[Task objective]
If a line contains "Soporte de Jabón", it is the last one to write out; begin with the first line of the records and copy each exactly.

[Excerpted records]
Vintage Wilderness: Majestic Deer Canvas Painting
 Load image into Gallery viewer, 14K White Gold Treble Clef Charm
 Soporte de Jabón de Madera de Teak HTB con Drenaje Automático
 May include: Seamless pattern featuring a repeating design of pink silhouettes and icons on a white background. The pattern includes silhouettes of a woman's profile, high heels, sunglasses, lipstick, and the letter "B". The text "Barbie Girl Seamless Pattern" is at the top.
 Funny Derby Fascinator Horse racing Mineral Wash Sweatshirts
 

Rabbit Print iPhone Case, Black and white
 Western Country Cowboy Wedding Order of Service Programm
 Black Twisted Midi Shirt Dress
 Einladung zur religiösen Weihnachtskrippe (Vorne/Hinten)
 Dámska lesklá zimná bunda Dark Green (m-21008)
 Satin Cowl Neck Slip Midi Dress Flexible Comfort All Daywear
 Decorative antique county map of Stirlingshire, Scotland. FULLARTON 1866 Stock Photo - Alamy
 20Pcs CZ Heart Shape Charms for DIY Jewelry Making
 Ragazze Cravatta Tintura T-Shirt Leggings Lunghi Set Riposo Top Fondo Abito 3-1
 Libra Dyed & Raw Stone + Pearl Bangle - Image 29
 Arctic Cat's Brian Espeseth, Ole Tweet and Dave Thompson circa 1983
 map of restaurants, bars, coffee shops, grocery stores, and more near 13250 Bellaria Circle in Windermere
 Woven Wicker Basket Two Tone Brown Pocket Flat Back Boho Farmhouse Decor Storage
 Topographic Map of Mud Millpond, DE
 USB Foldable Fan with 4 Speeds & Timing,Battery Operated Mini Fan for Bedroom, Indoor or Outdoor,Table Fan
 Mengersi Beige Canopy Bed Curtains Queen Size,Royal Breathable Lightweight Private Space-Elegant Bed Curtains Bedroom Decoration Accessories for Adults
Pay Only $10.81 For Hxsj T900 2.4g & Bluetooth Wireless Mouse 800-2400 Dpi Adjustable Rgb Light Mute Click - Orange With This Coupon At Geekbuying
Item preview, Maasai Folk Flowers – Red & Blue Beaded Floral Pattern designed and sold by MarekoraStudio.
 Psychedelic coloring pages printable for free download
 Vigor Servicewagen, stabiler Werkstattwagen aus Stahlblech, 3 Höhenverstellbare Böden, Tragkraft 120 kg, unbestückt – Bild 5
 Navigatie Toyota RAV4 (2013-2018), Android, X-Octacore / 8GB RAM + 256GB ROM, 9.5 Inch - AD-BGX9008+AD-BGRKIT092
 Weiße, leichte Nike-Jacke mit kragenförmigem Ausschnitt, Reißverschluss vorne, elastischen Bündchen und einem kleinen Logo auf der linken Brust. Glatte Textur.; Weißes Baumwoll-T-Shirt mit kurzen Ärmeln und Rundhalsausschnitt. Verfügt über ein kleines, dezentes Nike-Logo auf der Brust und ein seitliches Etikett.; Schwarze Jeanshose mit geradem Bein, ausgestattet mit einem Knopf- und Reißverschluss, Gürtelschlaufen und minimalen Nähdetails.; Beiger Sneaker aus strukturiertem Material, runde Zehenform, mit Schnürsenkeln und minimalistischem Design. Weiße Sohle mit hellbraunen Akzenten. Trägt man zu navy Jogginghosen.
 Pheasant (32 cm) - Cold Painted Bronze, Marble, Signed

[Task answer]
Vintage Wilderness: Majestic Deer Canvas Painting
 Load image into Gallery viewer, 14K White Gold Treble Clef Charm
 Soporte de Jabón de Madera de Teak HTB con Drenaje Automático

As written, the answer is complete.